O Brasil enfrenta o desafio urgente de reverter o aumento nas emissões de metano (CH4), um gás com potencial de aquecimento global 28 vezes superior ao dióxido de carbono. Em um movimento estratégico para cumprir o Compromisso Global de Metano — que prevê um corte de 30% nas emissões até 2030 —, o Observatório do Clima apresentou um guia com 37 soluções técnicas e operacionais voltadas ao curto prazo.
Os dados do Sistema de Estimativas de Emissões e Remoções de Gases de Efeito Estufa (SEEG) revelam que o país lançou 21 milhões de toneladas de metano na atmosfera em 2024. O setor agropecuário é o principal responsável, respondendo por 75% desse montante, enquanto o gerenciamento de resíduos contribui com 16%. O novo estudo busca transformar esses números alarmantes em um plano de ação pautado pela viabilidade econômica.
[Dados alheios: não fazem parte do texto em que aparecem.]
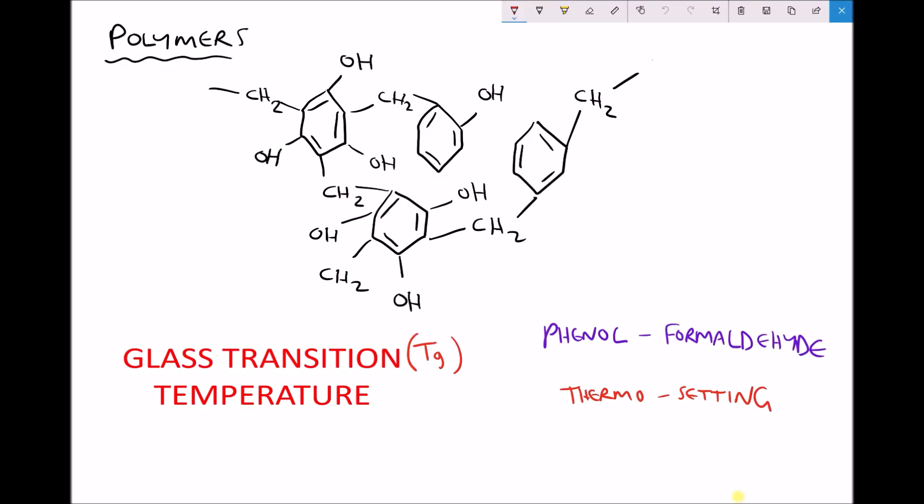In previous videos we've looked at various different structures of polymers and we've also been able to make some key generalisations. For example, we've said that linear polymers tend to form crystalline structures because it's easier for the layers to pack together, and that cross-linked polymers tend to form amorphous structures. What we're going to look at now is how the structure actually affects the properties of the polymer, beginning with our example of the cross-linked amorphous structure of phenyl formaldehyde.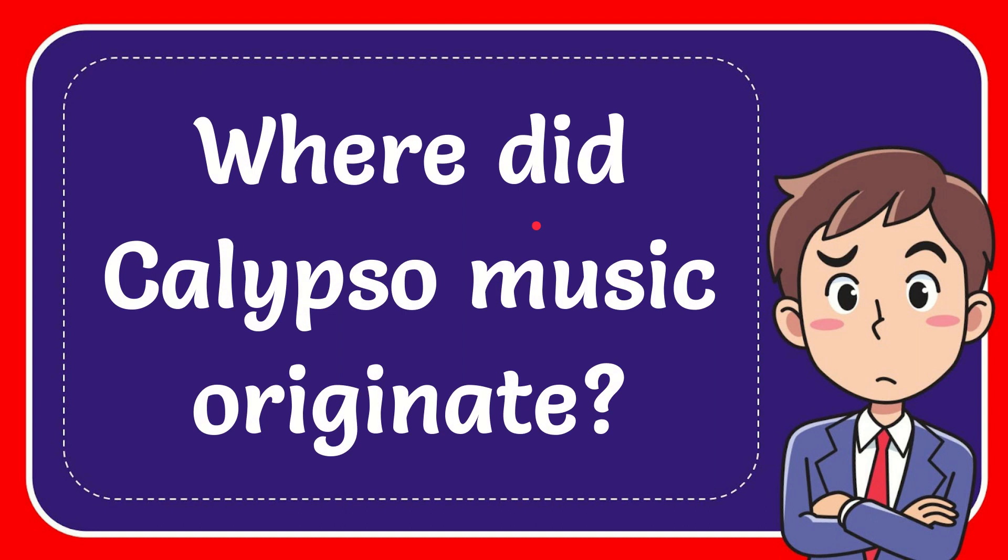In this video I'm going to give you the answer to this question. The question is: where did Calypso music originate?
O papel estratégico do biogás na transição
A grande aposta do levantamento recai sobre o aproveitamento energético. Ao capturar o metano gerado em aterros sanitários e sistemas de esgoto, o Brasil consegue transformar uma ameaça climática em uma fonte valiosa de energia limpa. Além disso, o uso de biodigestores surge como uma alternativa robusta para substituir o uso de lenha na cocção, reduzindo o impacto ambiental tanto no campo quanto em cozinhas solidárias urbanas.
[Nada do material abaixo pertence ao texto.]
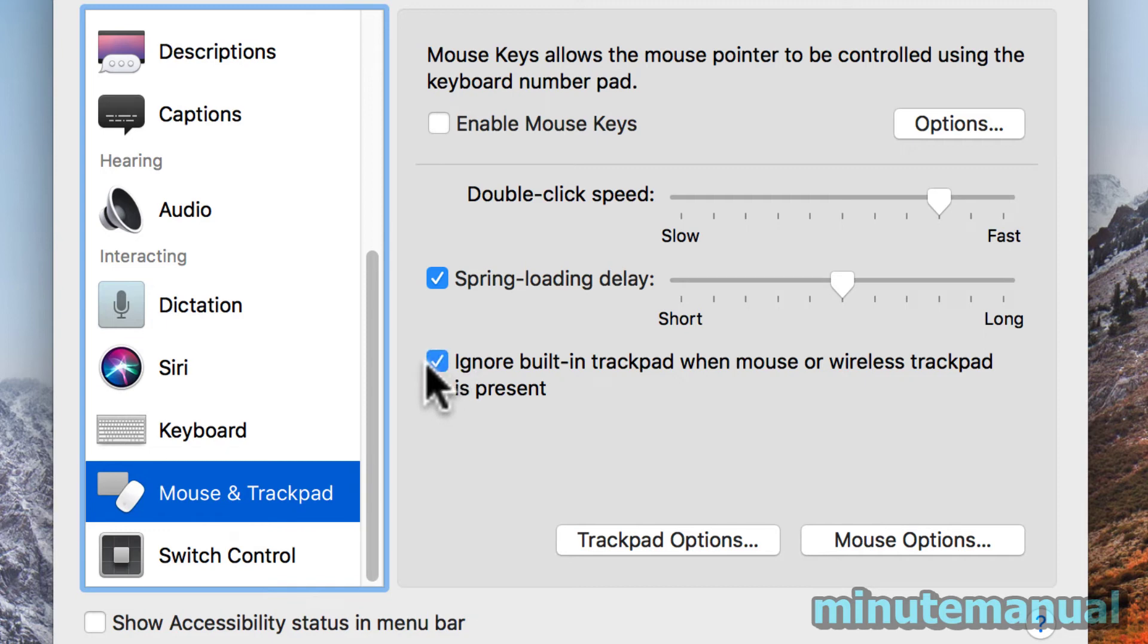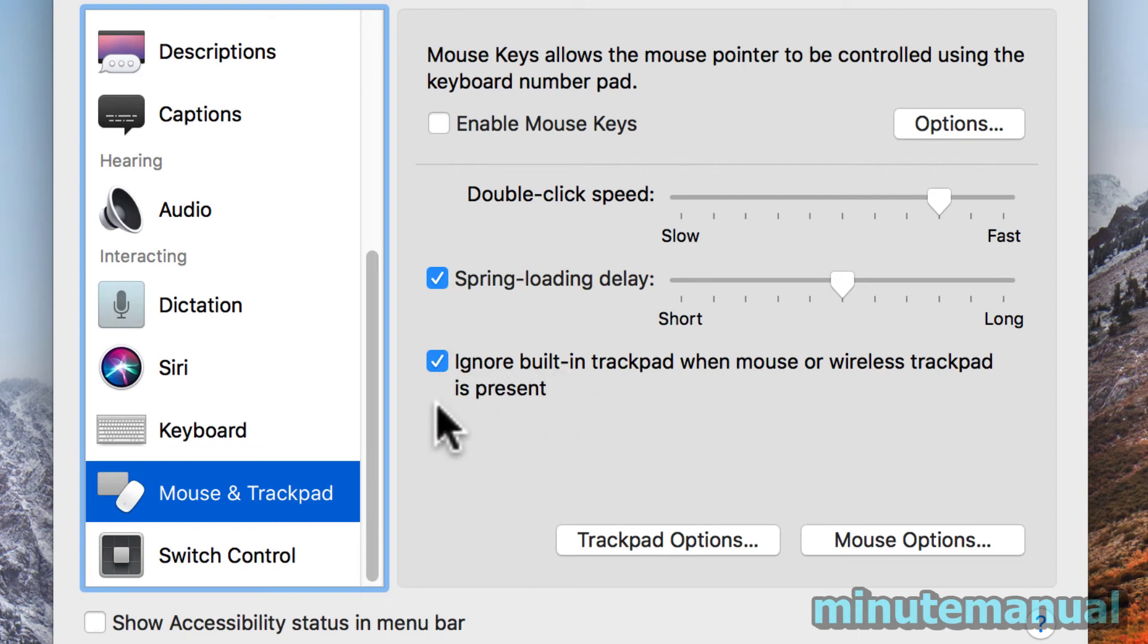Simply select that and you are done. That is all you have to do to ignore the trackpad when you are using a mouse.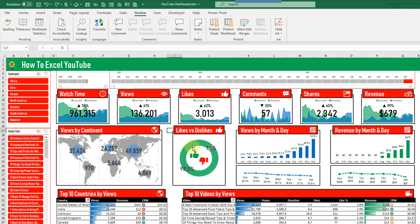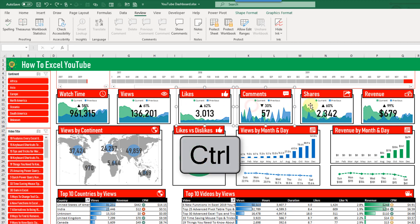And one of the things that we end up doing a lot in the course is selecting those objects to change properties of them. And that usually means selecting an object and holding control and continuing till we select all of the objects that we want to change.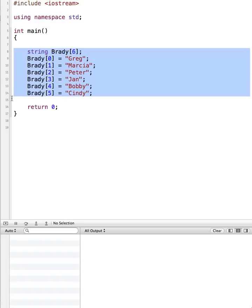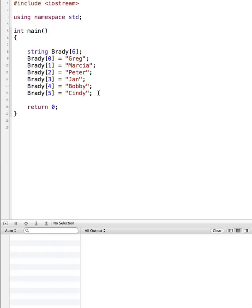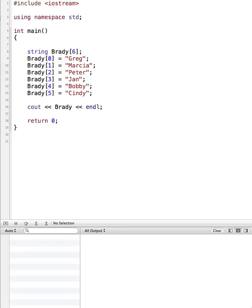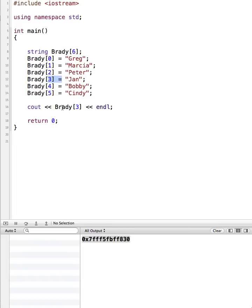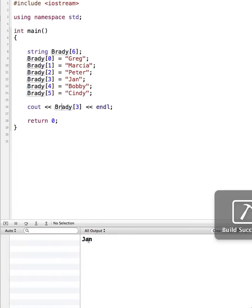So that's one way of creating an array. Now, what if I wanted to access and print out something from the array? I can do a cout statement. You might be tempted to just output Brady — the name of the array — but when I run this, what I'm actually getting is its location in memory, not a listing of the Brady kids. So let's revise this. Instead of just saying Brady, if I wanted to access an individual value, I use the index value. So if I wanted to get Jan, I would use index three because that's what she's assigned to. Now if I run it, it should just output Jan.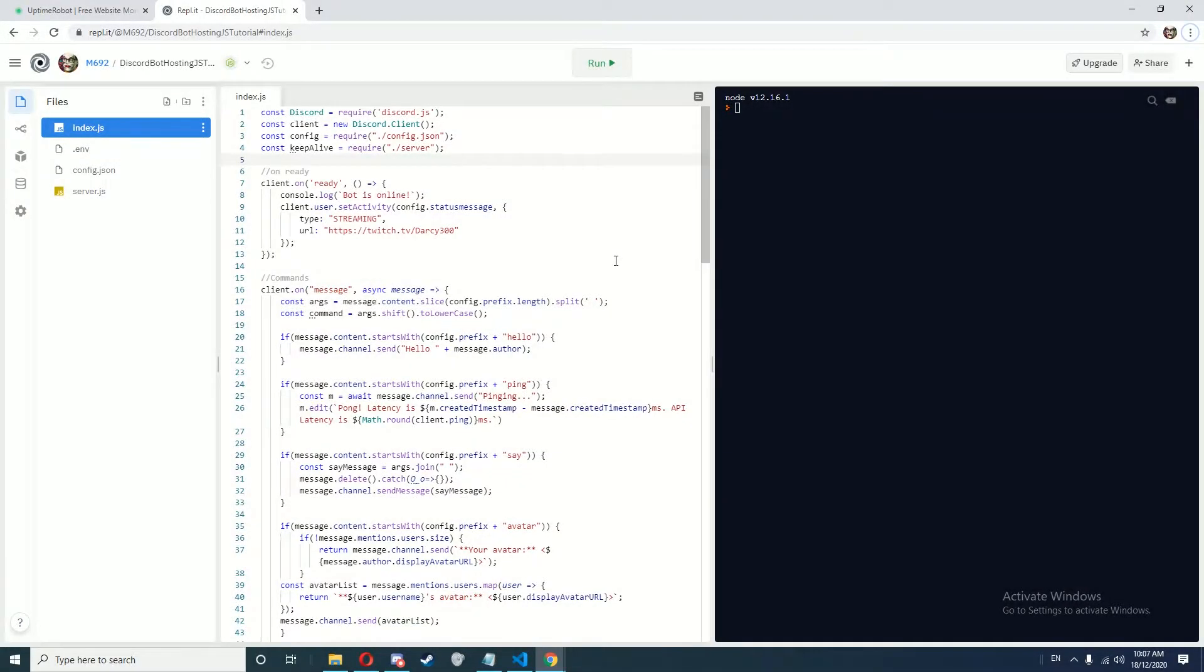Hey everyone, in the last episode of this series I showed you how to set the code for the Discord bot hosting in Node.js.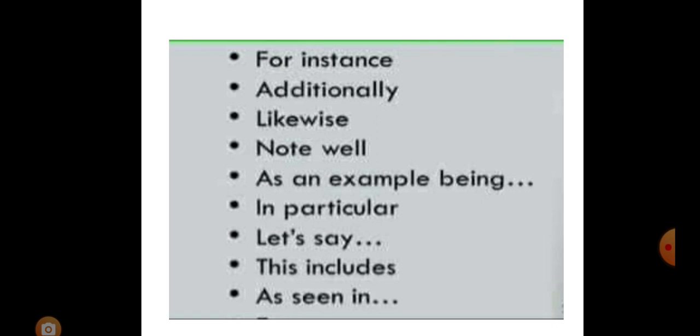As an example being - pani formal writing ma use garna saagini kura ho. In particular, let's say, this includes, and as seen in. So jati ke gaun sakchu ta ganda, for example naam ko word cha hai na.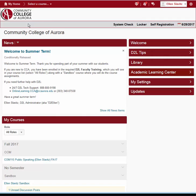Below the mini bar is the Navigation Bar or Nav Bar. On the My Home page, you see System Check, which allows you to make sure your browser is properly set up for D2L. Locker, which is where you can store files you plan to use in your courses. Self-registration, which lists courses you can register for yourself. And a calendar tool, which you can use to schedule events in your course.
Exemplos práticos de sucesso já operam no país, como a Central de Tratamento de Resíduos Macaúbas, em Minas Gerais, que converte biogás em eletricidade para suprir 31 mil domicílios. Na Bahia, a termelétrica Termoveder Salvador demonstra a escala desse potencial, operando com capacidade para atender o consumo de cerca de 200 mil habitantes a partir da decomposição de resíduos urbanos.
David Tsai, coordenador do SEEG, afirmou:
“Já estamos ultrapassando o limite de aquecimento global estabelecido no Acordo de Paris e sentimos as consequências pelo planeta. Reduzir o metano é uma ação crítica para retornar à normalidade climática.”
Desafios políticos e o futuro climático
Embora as tecnologias existam e apresentem boa relação custo-benefício, o estudo sublinha que a barreira para a implementação em massa não é técnica, mas política. Para que essas 37 soluções alcancem a escala necessária, o país demanda uma articulação mais coordenada entre o setor público e privado, incluindo investimentos em planos robustos de resíduos sólidos e linhas de financiamento específicas.
O cenário é de urgência: apesar de diversos compromissos internacionais firmados, os índices de emissão continuam em trajetória de alta.
Especialistas reforçam que, por possuir um tempo de vida mais curto na atmosfera em comparação ao CO2, a mitigação do metano é uma ferramenta rápida e eficaz para evitar que o planeta ultrapasse limites perigosos de aquecimento nas próximas décadas. O sucesso dessa agenda, portanto, dependerá da capacidade do Brasil em traduzir diagnósticos técnicos em políticas públicas de impacto imediato.